The Journal of biological chemistry

Beta protein C is not glycosylated at asparagine 329. The rate of translation may influence the frequency of usage at asparagine-X-cysteine sites.

PMID 1694179


About 30% of human plasma protein C is smaller than the predominant form as judged by sodium dodecyl sulfate-polyacrylamide gel electrophoresis. It has been suggested that this species, referred to as beta protein C, is a degraded molecule. However, beta protein C is secreted in culture by the HepG2 cell line and is present in plasma collected directly into numerous proteinase inhibitors; the percentage of beta protein C does not change with time during culture or after blood collection. Neither thrombin, activated protein C, nor activated factor X converts the alpha form to beta in the presence or absence of calcium and phospholipids.
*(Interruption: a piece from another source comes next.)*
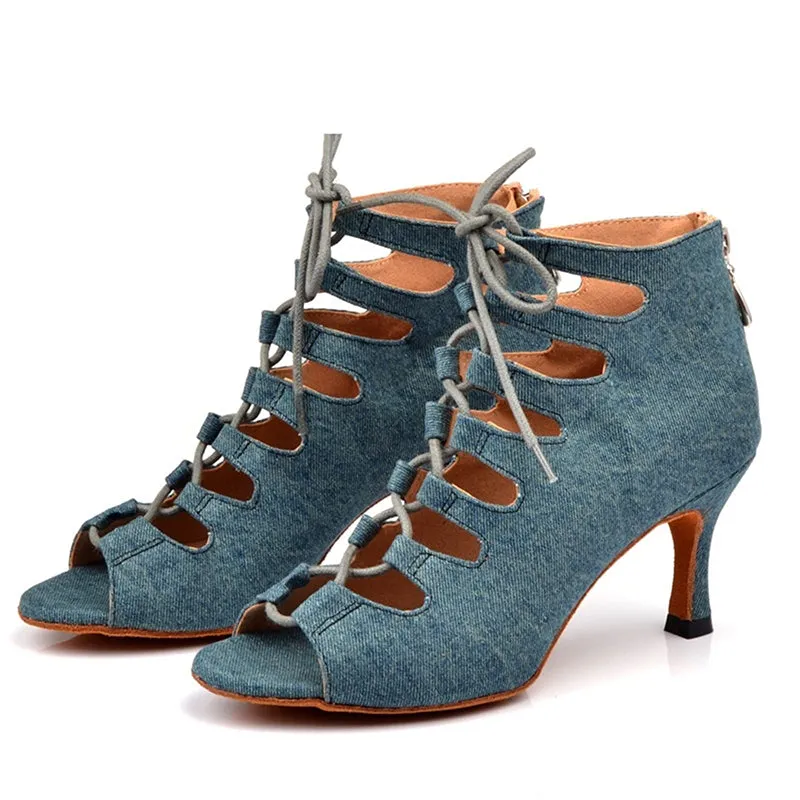 Women's Blue Denim Customized Heel Dance Boots Salsa Jazz Dance Shoes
The NH2-terminal sequences of the heavy chains of both forms are identical, and both release the same dodecapeptide and develop a functional active site when cleaved by thrombin. Both also react with antibodies to a synthetic COOH-terminal peptide. Timed digests with N-glycosidase are consistent with the interpretation that beta protein C has three N-linked oligosaccharide chains whereas alpha protein C has four. It is asparagine 329 that is not glycosylated in beta protein C since antibodies to a synthetic peptide based on the sequence around this amino acid react only with beta protein C. This site is unique in having cysteine instead of serine or threonine 2 residues distal. It is likely that the sulfhydryl group can substitute for the usual hydroxyl group as a hydrogen bond acceptor for the glycosylation reaction only until it forms a disulfide bond. The percentage of protein C that is glycosylated at this site may therefore depend at least in part on the rate of disulfide bond formation which may in turn be related to the rate of protein synthesis.